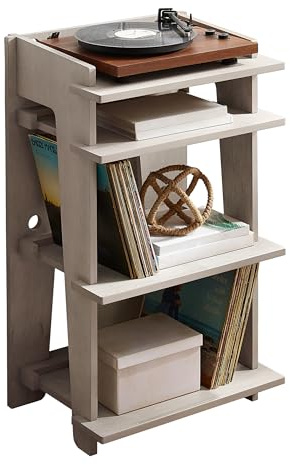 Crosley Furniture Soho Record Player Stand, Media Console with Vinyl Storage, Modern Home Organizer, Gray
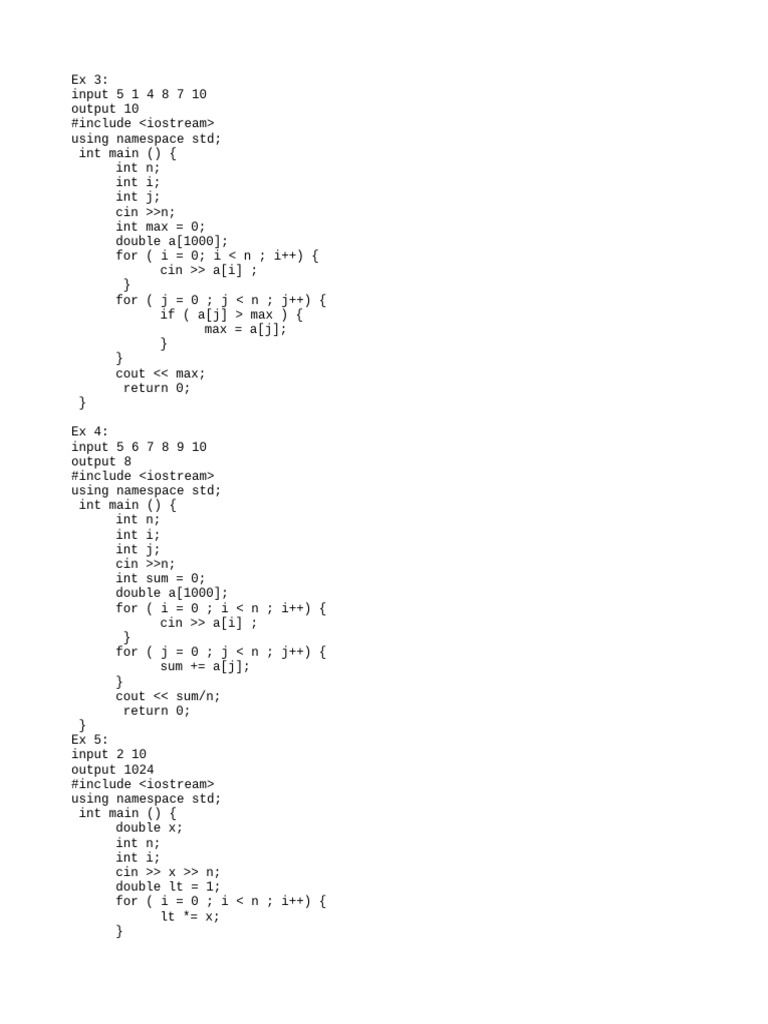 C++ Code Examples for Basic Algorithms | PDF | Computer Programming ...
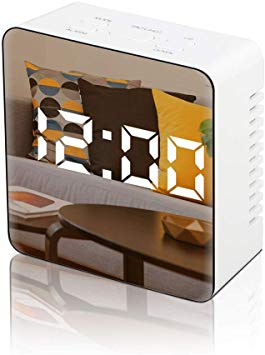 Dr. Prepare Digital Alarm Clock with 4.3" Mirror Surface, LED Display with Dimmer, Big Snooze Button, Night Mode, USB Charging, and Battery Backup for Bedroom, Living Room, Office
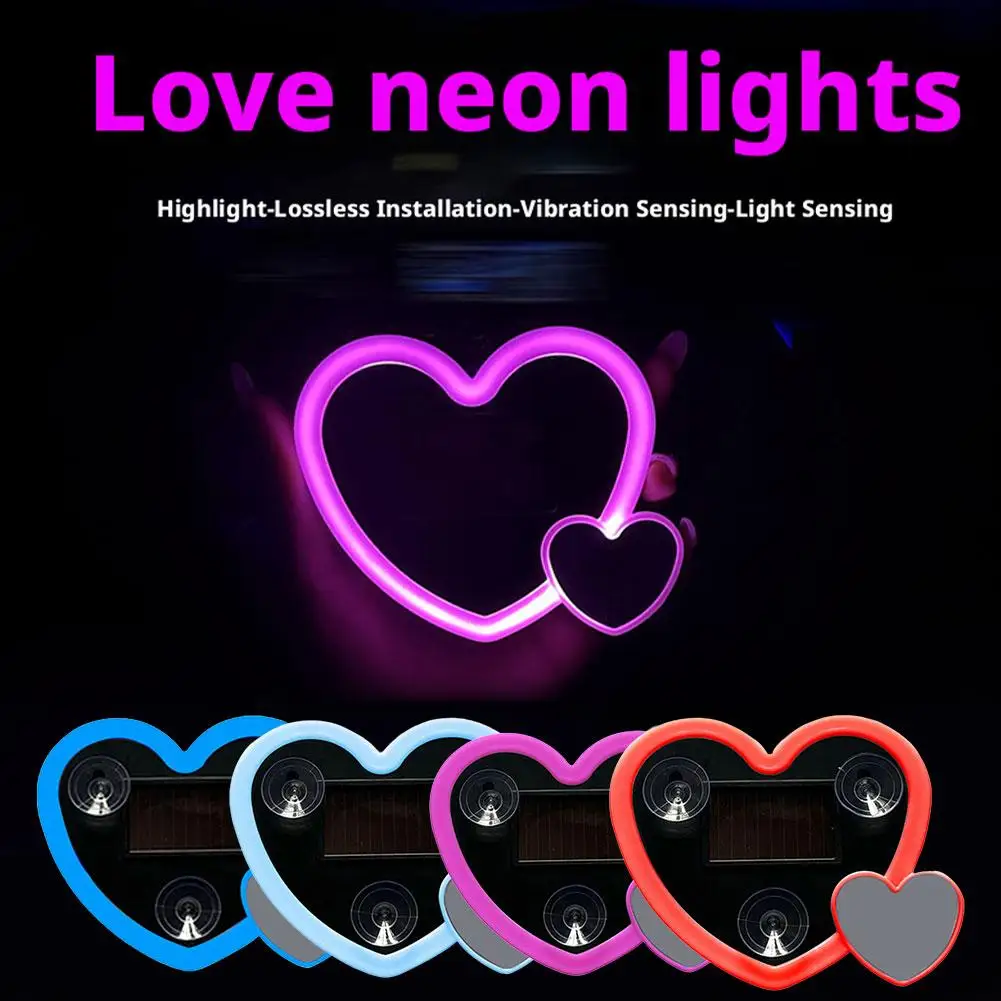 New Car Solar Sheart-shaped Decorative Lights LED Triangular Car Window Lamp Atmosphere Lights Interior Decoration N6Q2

───

Find the line with "Dr. Prepare Digital". Return it and each line after it through the end of the data, exactly, without pictures.

 Dr. Prepare Digital Alarm Clock with 4.3" Mirror Surface, LED Display with Dimmer, Big Snooze Button, Night Mode, USB Charging, and Battery Backup for Bedroom, Living Room, Office
 New Car Solar Sheart-shaped Decorative Lights LED Triangular Car Window Lamp Atmosphere Lights Interior Decoration N6Q2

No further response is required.